- **PROBLEM TO WORK ON**
What you give back should be exactly the lines from the one with "استعلام ساخت تندیس روز جهانی" through the end of the data, without the pictures.

(Captioned web images)
- - - - -

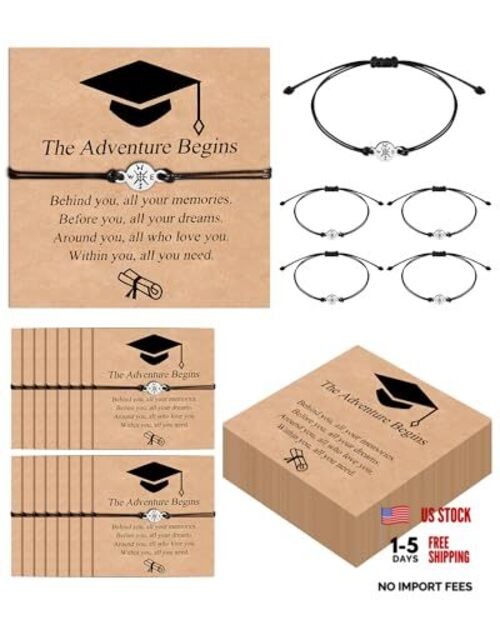 30PCS Graduation Bracelet Bulk Graduation Gifts for Her The Adventure Begins
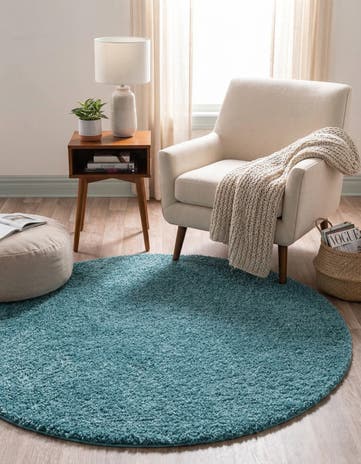 4' x 4' Soft Solid Shag Round Rug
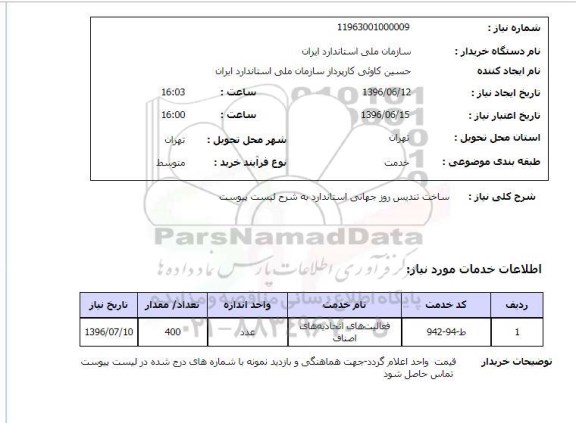 استعلام ساخت تندیس روز جهانی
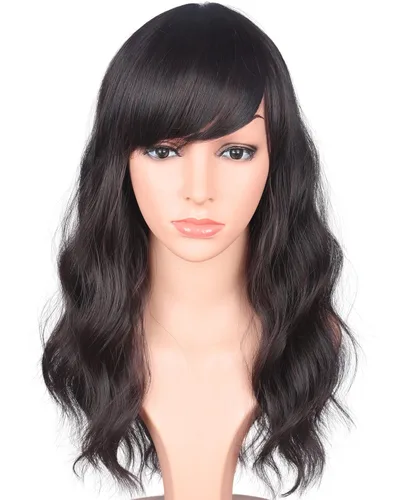 Vista 20 de Peluca ondulada negra con reflejos marrones para mujer, peluca sintética de longitud media con flequillo para uso diario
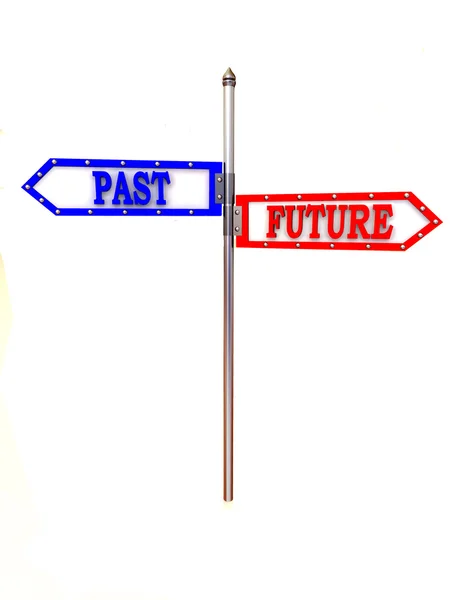 Prázdné šipky směry. budoucnost a minulost — Stock fotografie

- - - - -

- **RESULT BELOW**
 استعلام ساخت تندیس روز جهانی
 Vista 20 de Peluca ondulada negra con reflejos marrones para mujer, peluca sintética de longitud media con flequillo para uso diario
 Prázdné šipky směry. budoucnost a minulost — Stock fotografie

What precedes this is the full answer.